1 tablespoon butter or margarine
1 cup high quality, gluten-free panko bread crumbs
1. Heat oven to 350°F. Spray 13”x9” (3-quart) glass baking dish with cooking spray.
2. Cook and drain gluten-free penne pasta as directed on package.
3. Meanwhile, in 4-quart saucepan or Dutch oven, melt 1/2 cup butter over low heat.
4. Add garlic; cook 30 seconds, stirring frequently.
5. With wire whisk, stir in gluten-free flour and salt until smooth.
6. Increase heat to medium; cook, stirring constantly, until mixture is smooth and bubbly.
7. Gradually stir in milk. Heat to boiling, stirring constantly.
8. Stir in FIERCE “MMM”.
9. Boil and stir 1 minute.
10. Stir in cheeses.
11. Cook until melted, stirring occasionally.
12. Stir gluten-free pasta and parsley into cheese sauce.
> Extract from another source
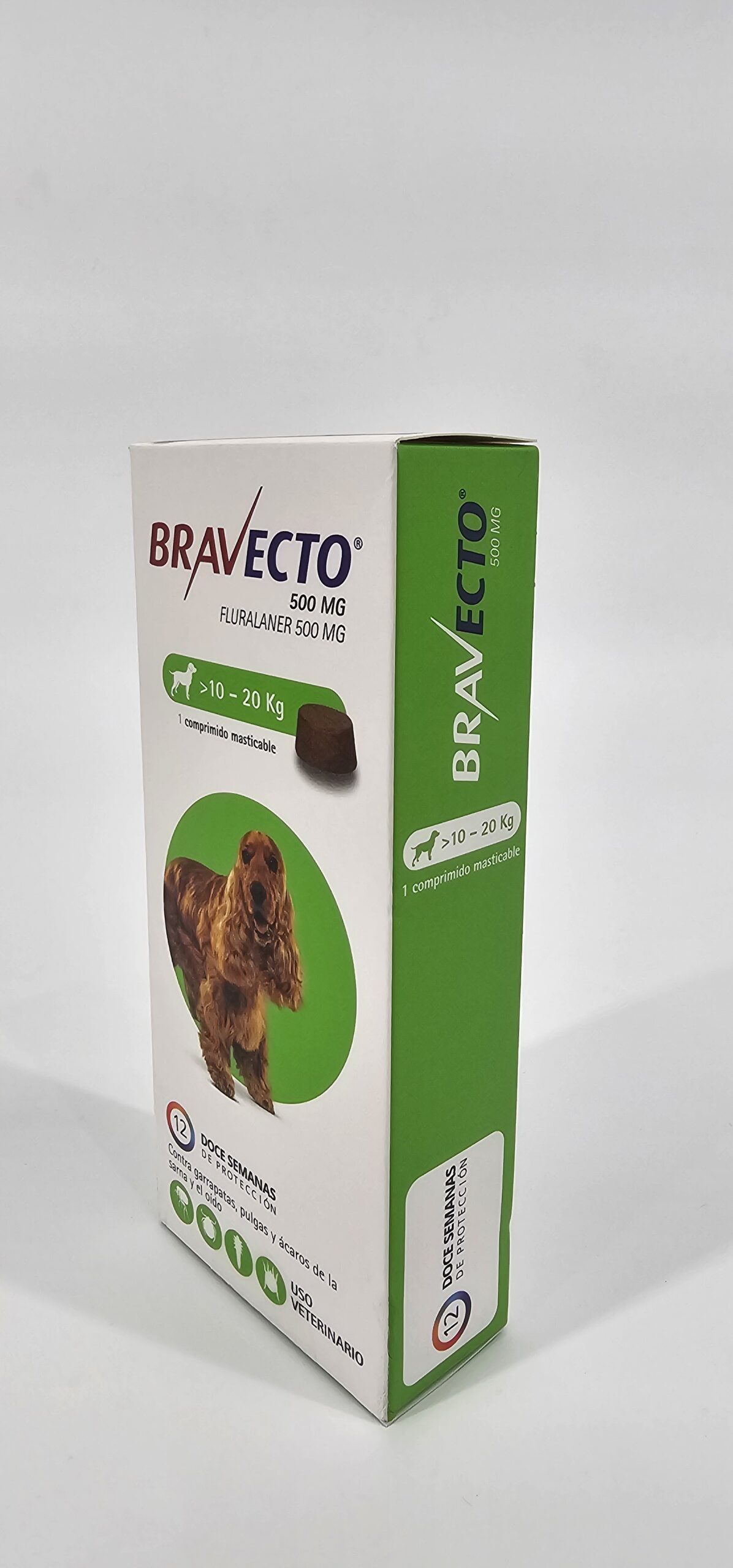 BRAVECTO MASTICABLE PERRO 10 - 20 KG - SIDE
Pour mixture into baking dish.
13. In 6-inch skillet, melt 1 tablespoon butter over medium-high heat; stir in gluten-free bread crumbs.
14. Cook and stir until gluten-free crumbs are golden brown.
15. Sprinkle over pasta mixture.
16. Bake uncovered 20 to 25 minutes or until golden & bubbly.
17. Let sit at room temperature for 5 – 10 minutes & serve!